Booker was opened as a flying training school in 1941 on the site of a civilian flying school requisitioned and closed on the outbreak of war in 1939.

In 1965 the site was taken over by Airways Aero Associations (now the Airways Flying Club), who have operated the airfield as an increasingly commercial training and recreational field, now called Wycombe Air Park. Booker featured in many of the airfield scenes in the 1965 feature film Those Magnificent Men in their Flying Machines.

==History==
RAF Booker was opened as the home of No. 21 Elementary Flying Training School RAF in 1941. The flying school operated 72 de Havilland Tiger Moths and Miles Magisters. No. 21 EFTS trained 120 pupils on a seven-week course - later to become 11 weeks.

In May 1942, training was also started on the airfield for the Glider Pilot Regiment.

In 1950, the University of London Air Squadron (ULAS) resumed flying out of Booker, and it also temporarily hosted the Manchester and Liverpool University Squadrons.

In 1955, a hard runway (made of 90 feet wide pierced steel planking) was added to the four wartime grass runways.

From 1956, part of the facilities, including a hangar, were used for accommodation and annual training of Air Training Corps staff of Warrant Officer rank.

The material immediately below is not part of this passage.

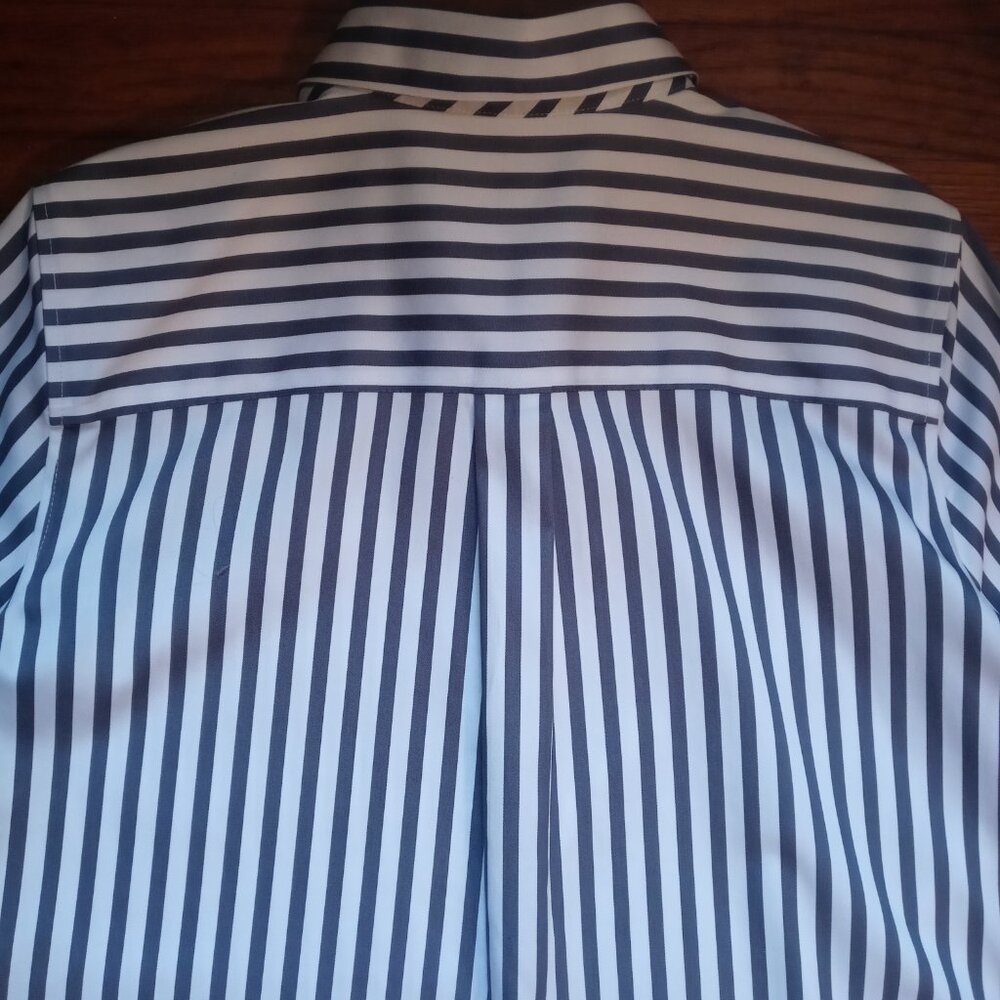 CHICO'S no iron stretch 3/4 sleeve stripe shirt (0/US4) - Picture 13 of 16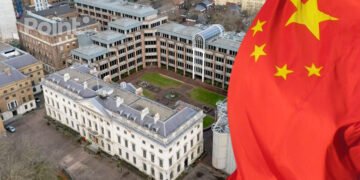 Marea Britanie dă undă verde „mega-ambasadei” Chinei la Londra, în ciuda temerilor legate de spionaj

This week of training was an intense course in gaining a deeper understanding of duties and of the modern requirements of an ever-improving service.

During the Cold War the Director UKWMO was located at the United Kingdom Regional Air Operations Command (UK RAOC) at RAF Booker tasked with instigating the national four-minute air raid warnings.

The RAF continued to base its Bomber Command Communication Flight RAF at RAF Booker until 1963.

The following units were also here at some point:
- No. 1 Basic Flying Training School RAF (1950-53) using de Havilland Canada DHC-1 Chipmunk T.10s operated by Airwork Ltd
- Temporary dispersal for No. 5 Maintenance Unit RAF
- No. 126 Gliding School RAF between August 1943 and 1 September 1955
- Air Crew Allocation Unit between 28 February 1955 and 1 July 1958
- Home Command Modified Officer Cadet Training Unit from 1 June 1956
- Joint Services Staff College Flight between 15 January 1947 and 31 October 1952

==Current use==

In 1965, the airfield became privately run, and is now Wycombe Air Park.